What is needed :: Every line below needs to be transcribed without alteration, and no image may be carried over.

Data shown ::
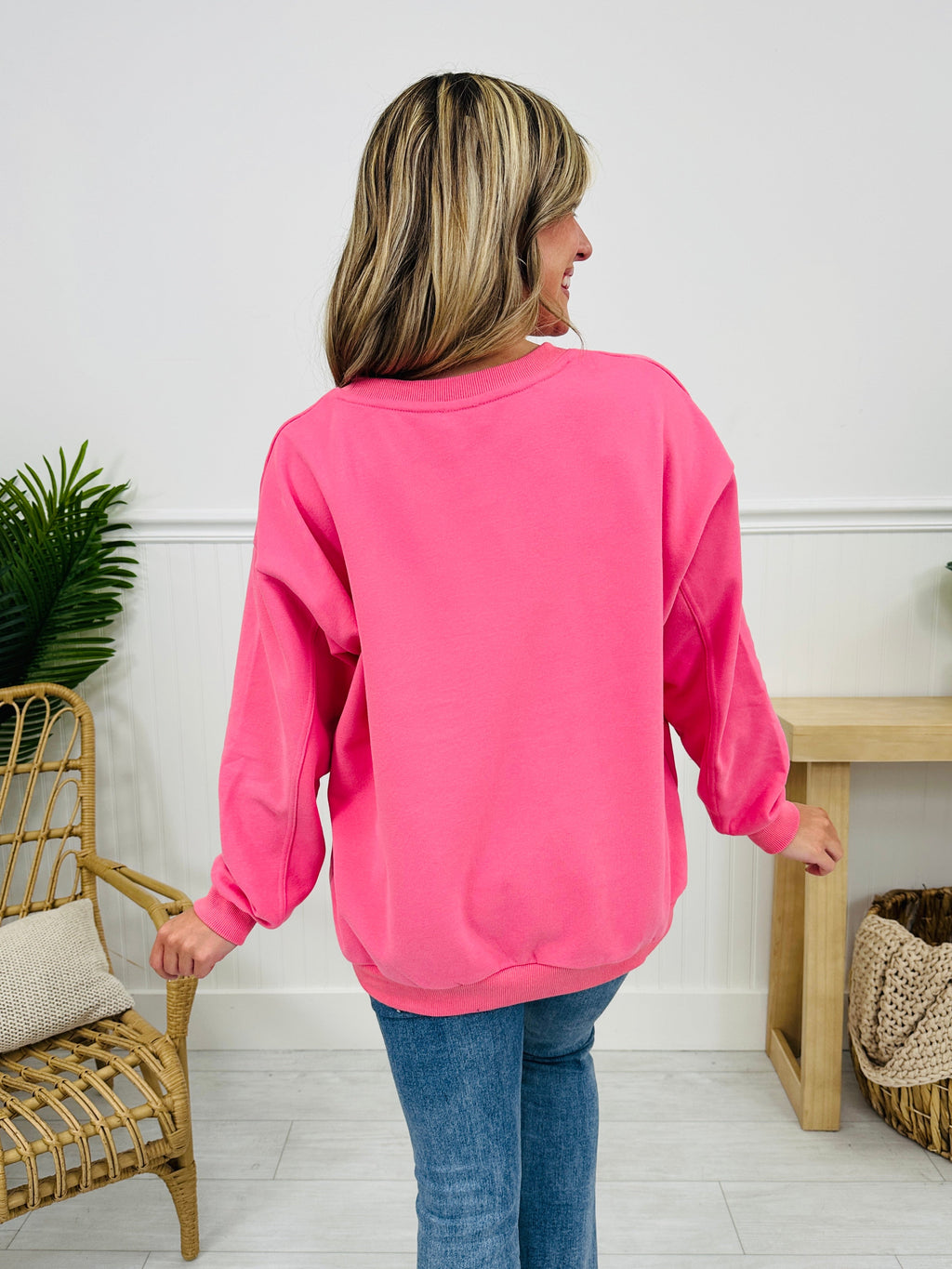 Teach MOCO Exclusive Crewneck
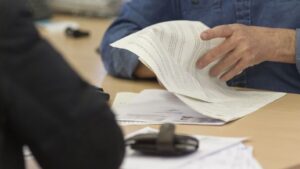 tramites oficina acreedores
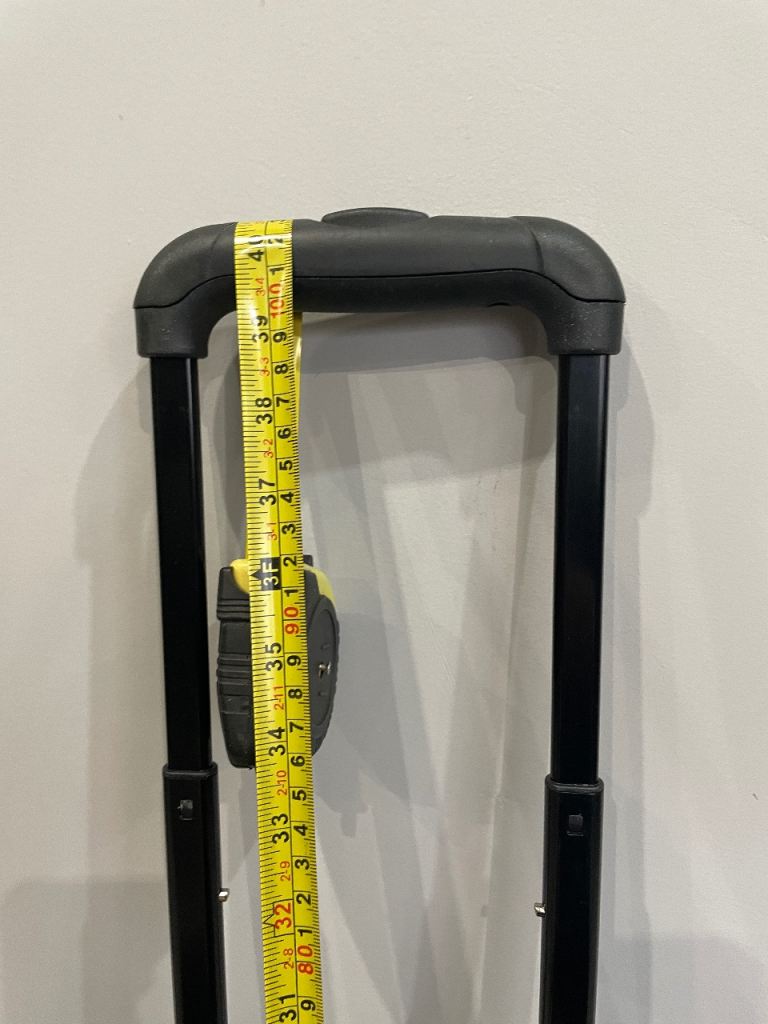 Business overhead cabin bag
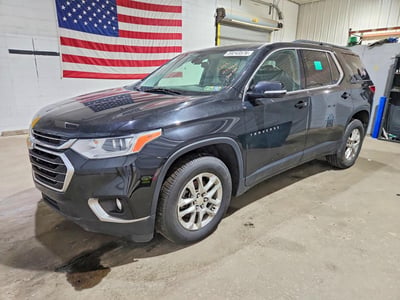 1GNEVGKW4LJ****** 2020 Chevrolet Traverse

Task response ::
 Teach MOCO Exclusive Crewneck
 tramites oficina acreedores
 Business overhead cabin bag
 1GNEVGKW4LJ****** 2020 Chevrolet Traverse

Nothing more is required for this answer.